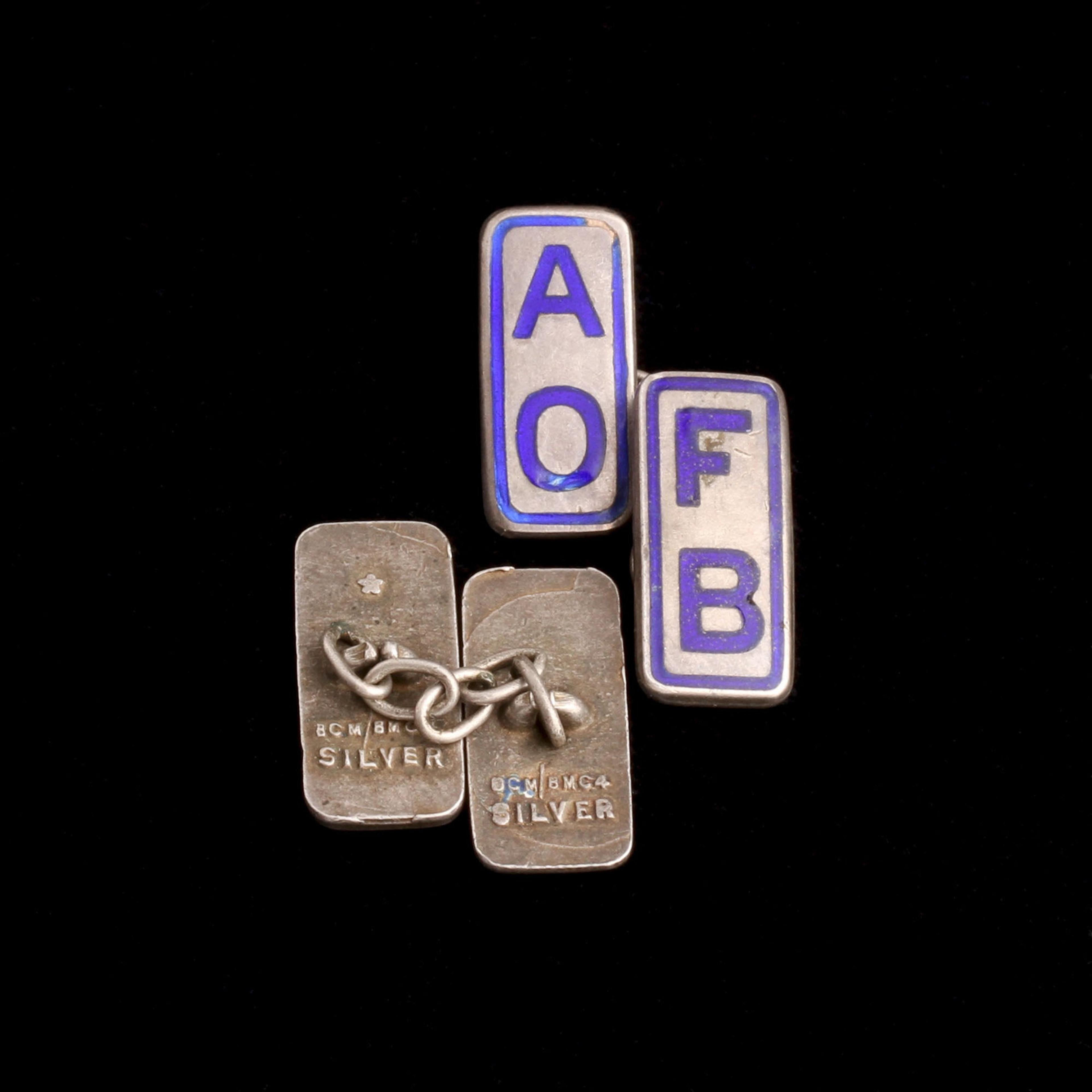Ancient Order of Froth Blowers Cufflinks detail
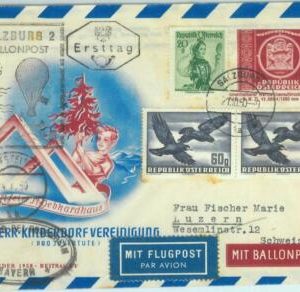 87332 - AUSTRIA - Postal History - SPECIAL FLIGHT COVER - BALLOONS  1950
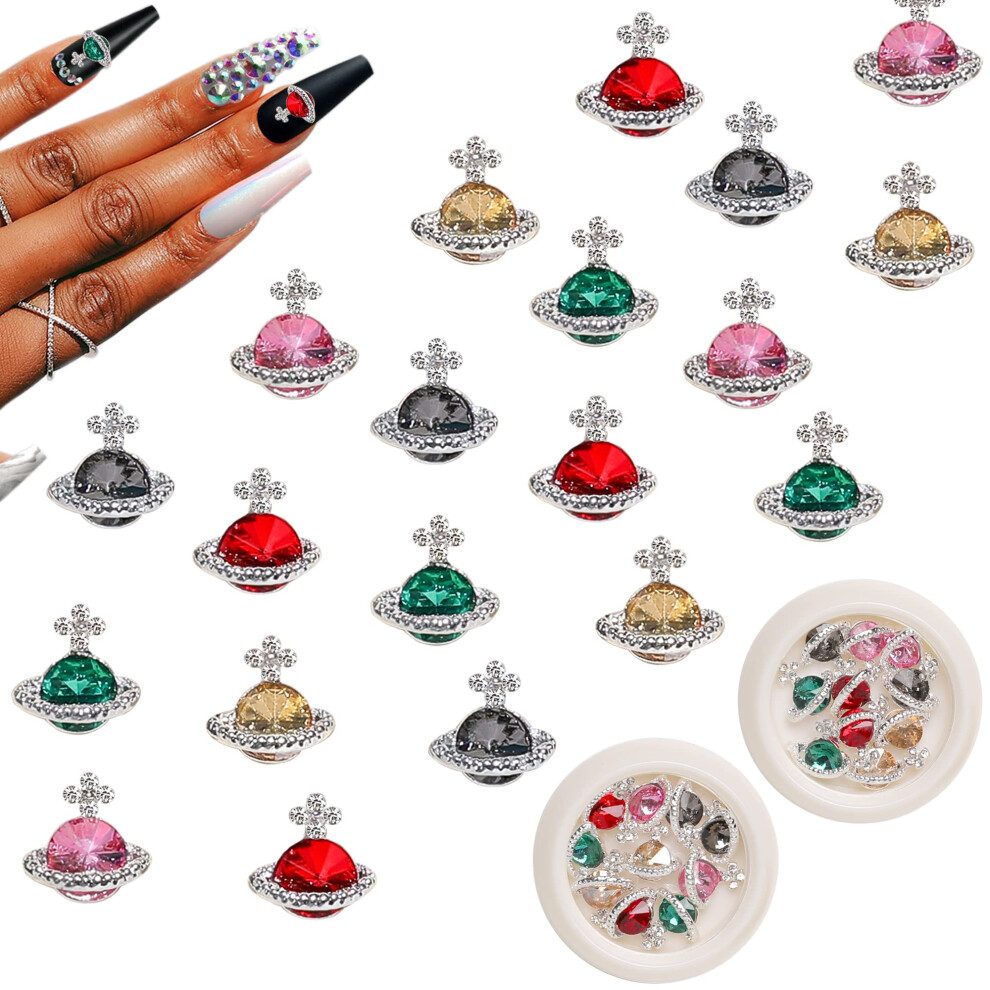 Black/Orange/Red 3D Saturn Planet Nail Charms With Rhinestones, 5 Colors Nail Art Decorations For Manicure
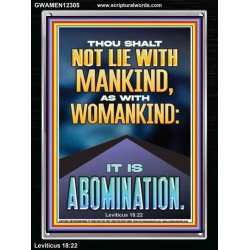 NEVER LIE WITH MANKIND AS WITH WOMANKIND IT IS ABOMINATION  Décor Art Works  GWAMEN12305  "25x33"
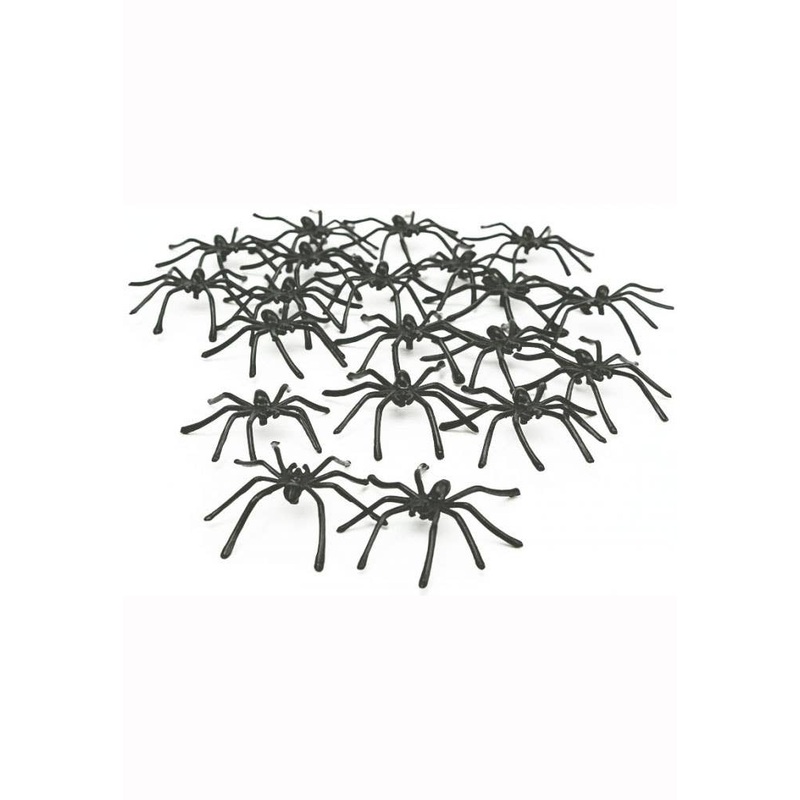 Creepy Small Black Plastic Spider Decorations - 50 Pack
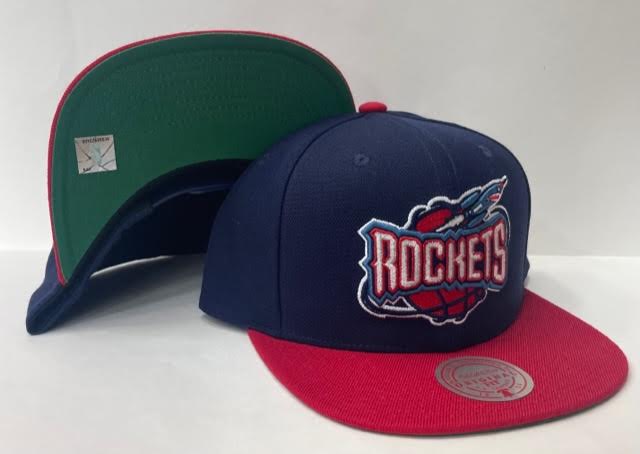 Mitchell & Ness Houston Rockets NBA  2 Tone Snapback Green Bottom "Navy Red Silver"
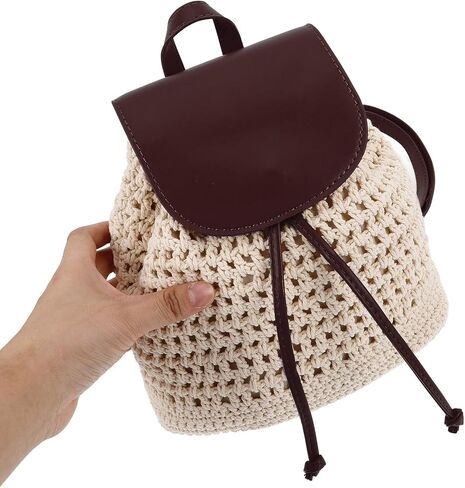 Handmade Woven Crochet Backpack Women’s Boho Knitted Crossbody Mini Backpack Casual Daypack for Travel and Commuting in Saudi Arabia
+++++
### Your instructions
Starting at the first line of the entries, restate word for word everything through the line that holds "Mitchell & Ness", both ends included, but omit any pictures.

### Answer to this problem
Ancient Order of Froth Blowers Cufflinks detail
 87332 - AUSTRIA - Postal History - SPECIAL FLIGHT COVER - BALLOONS  1950
 Black/Orange/Red 3D Saturn Planet Nail Charms With Rhinestones, 5 Colors Nail Art Decorations For Manicure
 NEVER LIE WITH MANKIND AS WITH WOMANKIND IT IS ABOMINATION  Décor Art Works  GWAMEN12305  "25x33"
 Creepy Small Black Plastic Spider Decorations - 50 Pack
 Mitchell & Ness Houston Rockets NBA  2 Tone Snapback Green Bottom "Navy Red Silver"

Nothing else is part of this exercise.